In reality however, there are times when it is in the best interest of the animal and with this being a pet lovers forum, I think you would get a more sympathetic response if you were to explain more fully the circumstances behind this difficult decision. I know many members on here have taken on unwanted dogs rather than see them go into a kennels, so there is always hope.


----------



## Cleo38 (Jan 22, 2010)

5rivers79 said:


> Is it a trend to rehome old dogs?


Seems to be doesn't it


----------



## 5rivers79 (Mar 28, 2011)

Cleo38 said:


> Seems to be doesn't it


Yeh it does and its a shame. Looking at various rescue websites it seems that there are more elderly dogs in shelters than young aggressive ones. Seems to me the problem isnt youngs chavs that cant control their dogs but "dog lovers" who think an elderly dog is a problem to them and apparently have "circumstances" that mean they cant look after them anymore.

I think the problem would be eased in shelters if these "dog lovers" didnt bother getting dogs in the first place. 

I remember once upon a time a tv ad " a dog is for life and not just for christmas". Seems to me people are forgetting that these days.


----------



## AmberNero (Jun 6, 2010)

I understand that times are difficult and you say your circumstances have changed- take a step back and take some time to re-ealuate, is it that you cannot afford his basic care- or that things hae got very stressful?

I urge you to please reconsider if you can keep the old boy. 12 is pretty old for a Lab, he won't be around for too much longer, and the stress and strain of moving him around will do him no good.

rescue centres are very hard up at the moment, as I'm sure you've found out, but please try again if you really cannot keep him.

Please understand that though people in rescue will do their best for the boy- he is unlikely to be rehomed easily and could easily spend the resst of his life in a kennel.

Even though rescue centres are so full, it may still be worth asking if they can help you to find a home, and keep him in yours until/ if they manage to find one. Or they can help by doing a homecheck for you?

I hope you find a happy medium, one that suits you and your old boy xx


----------



## marty28 (Aug 19, 2011)

It maybe that i was not clear enough in my description, but i am looking to re-home my dog to a loving home. I am in no means abandoning him at a centre. I am well aware that my dog is old and it is imperative that he goes to a good home to live out the final years of his life.

A dog is for life, that is exactly right but sometimes regrettable circumstances arise and people are forced to re-think the dog's welfare.

My dog is loved unconditionally, he will be sorely missed, it is not a decision that we have taken lightly. Fortunately for us, he is easily adaptable to new situations, as long as he is fed, watered and walked he is happy, as are most dogs. 

Once again, he is not being left to live his final days in a shelter/kennel or anything like that. He will remain with us until a suitable, loving, healthy environment is found.
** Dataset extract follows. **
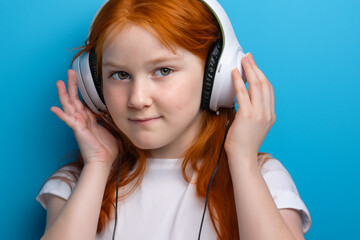 A girl in blue and white is playing with headphones the . happy female w concept. a girl with headphones on her head on a blue . a girl in blue with headphones on her head and music on lifestyle the.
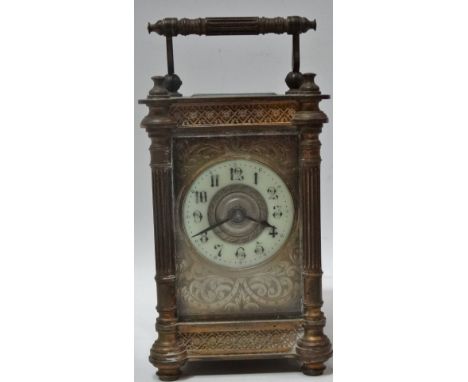 A 19th century brass carriage timepiece in architectural case, the 1.75 inch enamel chapter ring with Arabic numerals and wit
We want to ensure he is well looked after and fully loved.

Hence my original post on here, i was hoping to have some interest in having my dog, not being judged and criticised on here.


----------



## Nonnie (Apr 15, 2009)

Maybe it would help if you briefly outlined the reasons you can't keep him.

Im trying to look at this objectively, especially as i have a fit, healthy dog of the same age. Truly justifiable reasons to rehome are few and far between imo, and there are often ways around situations that will enable the dog to stay in its home.

However, i think you may have to look at this realistically. There is a rescue crisis in this country, with dogs being rehomed left right and centre. Whilst you may not be placing your dog in a centre, he is still a victim of this problem, and it will affect his chances. Not many people want to take on older dogs, and 12 is old. His time left may be limited, the chances of higher vets bills a greater possibility.

It may be that euthanasia will be your only option if there is no way in which you can keep him.


----------



## Jasper's Bloke (Oct 30, 2009)

Like I said in my original post, rehoming any dog for any reason is always an emotive subject and so I think it is naive of you to come on here with no real explanation of your motives and expect not to be judged or criticised.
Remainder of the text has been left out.